Stored items
··········

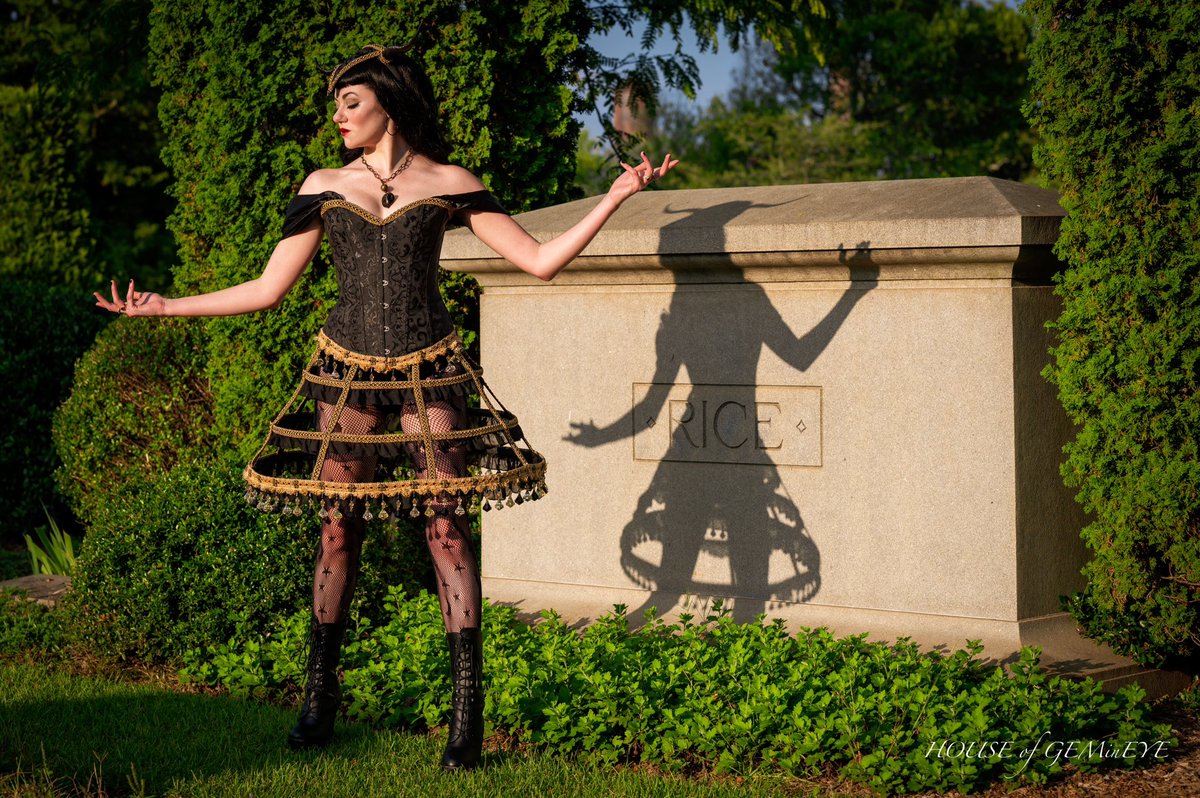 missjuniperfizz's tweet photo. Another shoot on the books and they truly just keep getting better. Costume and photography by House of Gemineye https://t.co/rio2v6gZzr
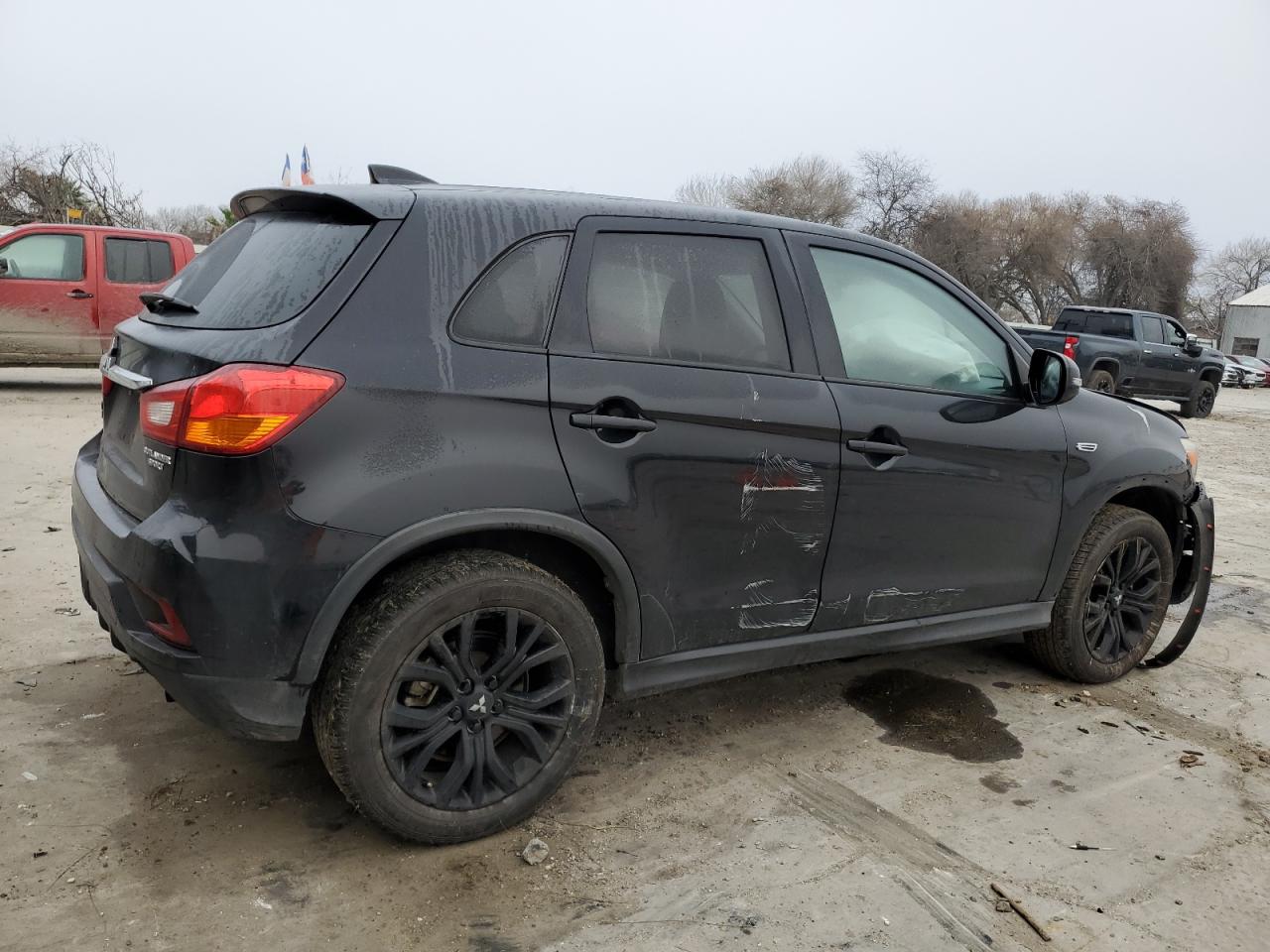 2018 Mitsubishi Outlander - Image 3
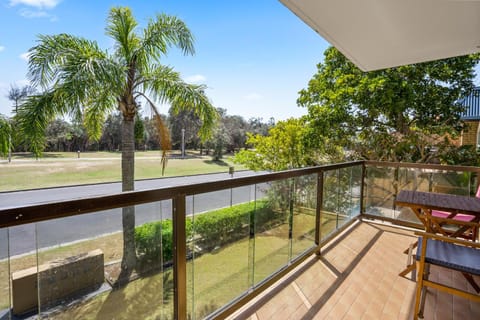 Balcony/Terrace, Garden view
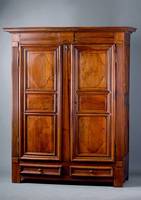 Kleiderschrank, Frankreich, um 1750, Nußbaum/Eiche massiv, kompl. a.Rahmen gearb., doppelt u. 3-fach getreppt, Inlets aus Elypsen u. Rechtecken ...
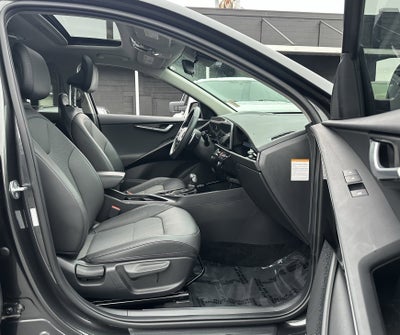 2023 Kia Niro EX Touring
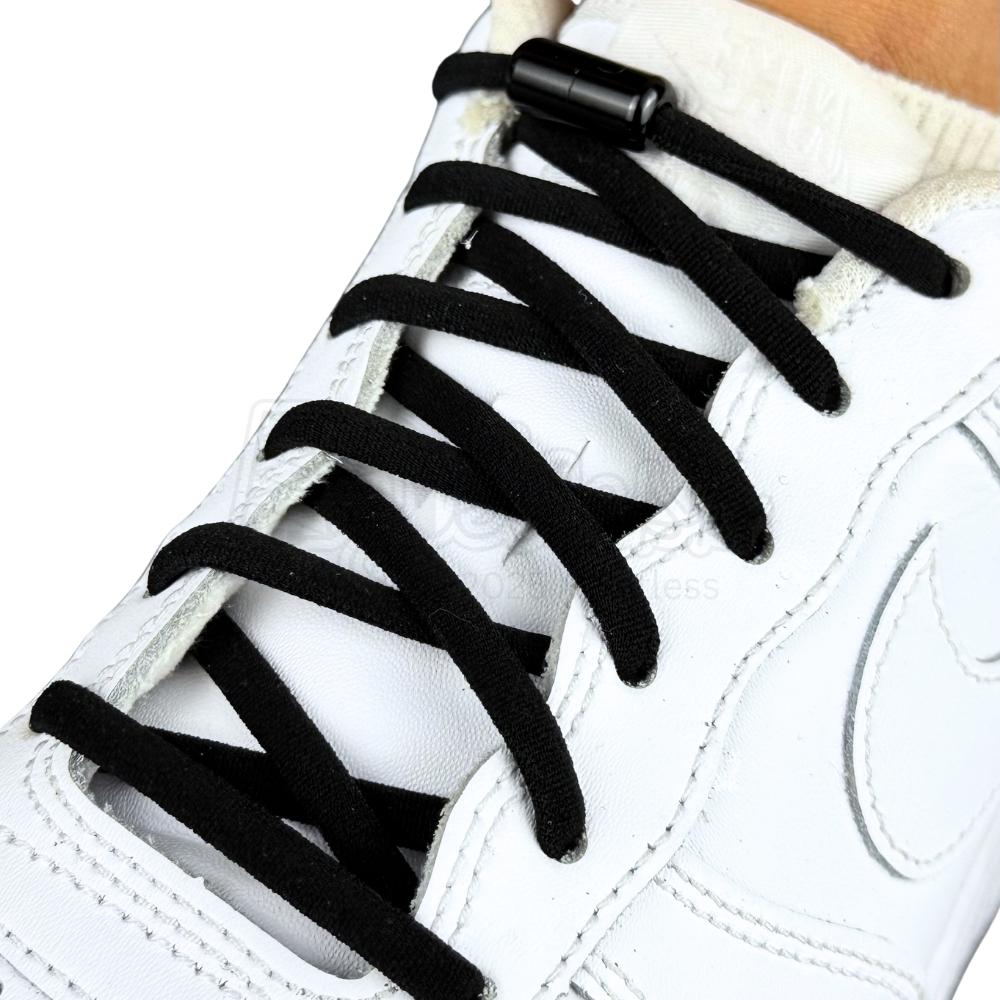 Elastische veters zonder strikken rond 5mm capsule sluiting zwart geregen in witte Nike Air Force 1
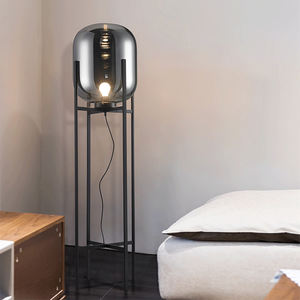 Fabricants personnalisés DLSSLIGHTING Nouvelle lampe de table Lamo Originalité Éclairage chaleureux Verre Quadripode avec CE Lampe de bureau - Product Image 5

··········

## EXERCISE GOAL
What is needed is the data above, retyped exactly, with every picture left out.

## EXERCISE ANSWER
 missjuniperfizz's tweet photo. Another shoot on the books and they truly just keep getting better. Costume and photography by House of Gemineye https://t.co/rio2v6gZzr
 2018 Mitsubishi Outlander - Image 3
 Balcony/Terrace, Garden view
 Kleiderschrank, Frankreich, um 1750, Nußbaum/Eiche massiv, kompl. a.Rahmen gearb., doppelt u. 3-fach getreppt, Inlets aus Elypsen u. Rechtecken ...
 2023 Kia Niro EX Touring
 Elastische veters zonder strikken rond 5mm capsule sluiting zwart geregen in witte Nike Air Force 1
 Fabricants personnalisés DLSSLIGHTING Nouvelle lampe de table Lamo Originalité Éclairage chaleureux Verre Quadripode avec CE Lampe de bureau - Product Image 5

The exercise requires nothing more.